● EXERCISE DATA
= = = =
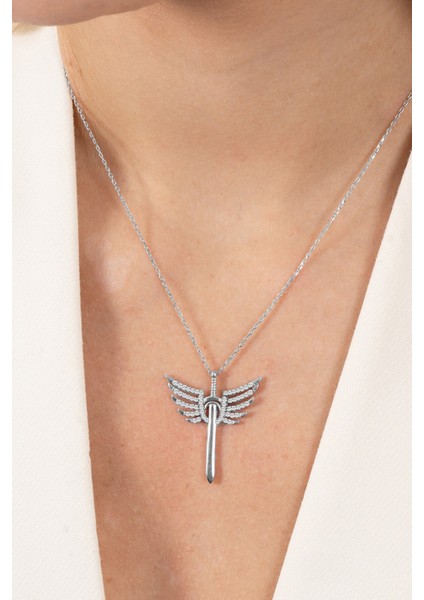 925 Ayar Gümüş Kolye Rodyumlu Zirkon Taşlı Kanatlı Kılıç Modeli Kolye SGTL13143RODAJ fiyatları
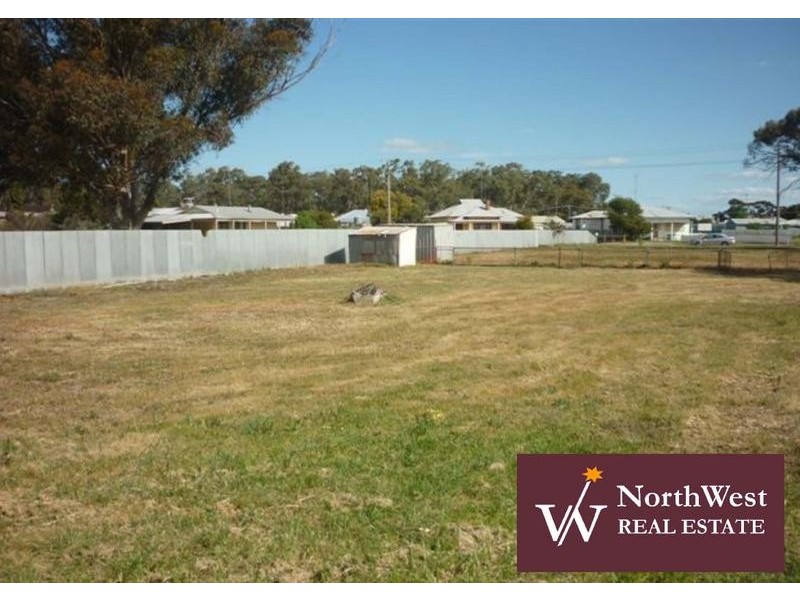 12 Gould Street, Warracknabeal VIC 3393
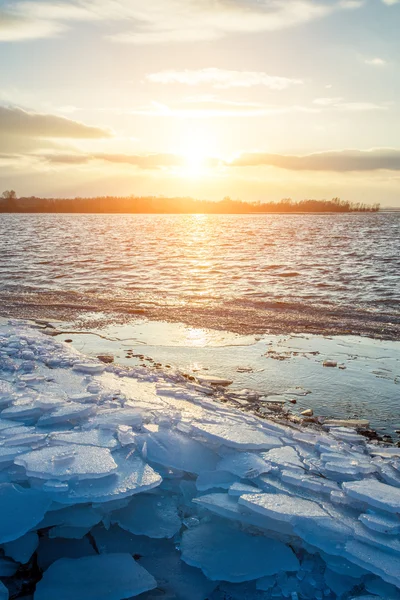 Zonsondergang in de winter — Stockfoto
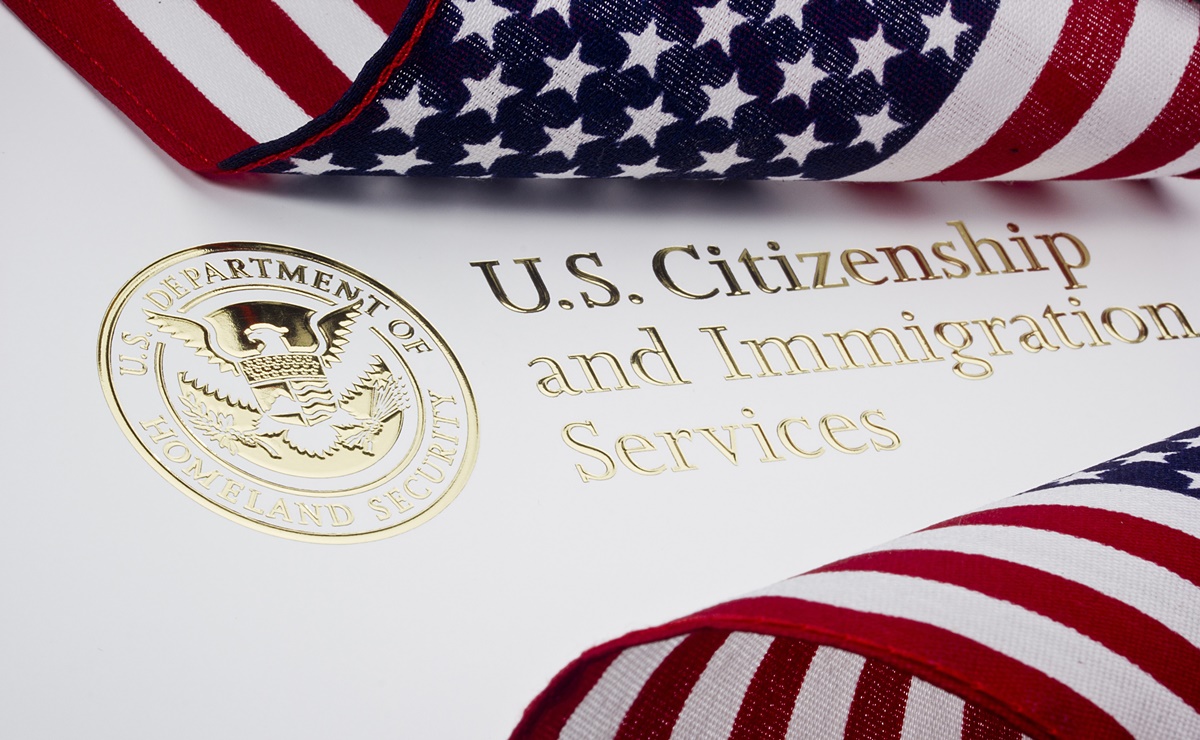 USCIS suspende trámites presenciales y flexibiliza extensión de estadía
= = = =
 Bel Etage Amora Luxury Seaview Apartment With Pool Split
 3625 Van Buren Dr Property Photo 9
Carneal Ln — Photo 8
= = = =
● HOW TO COMPLETE THIS TASK
If a line of the entries above holds the word "Photo", count it; report only how many such lines there are.

● ANSWER FOR THE TASK
2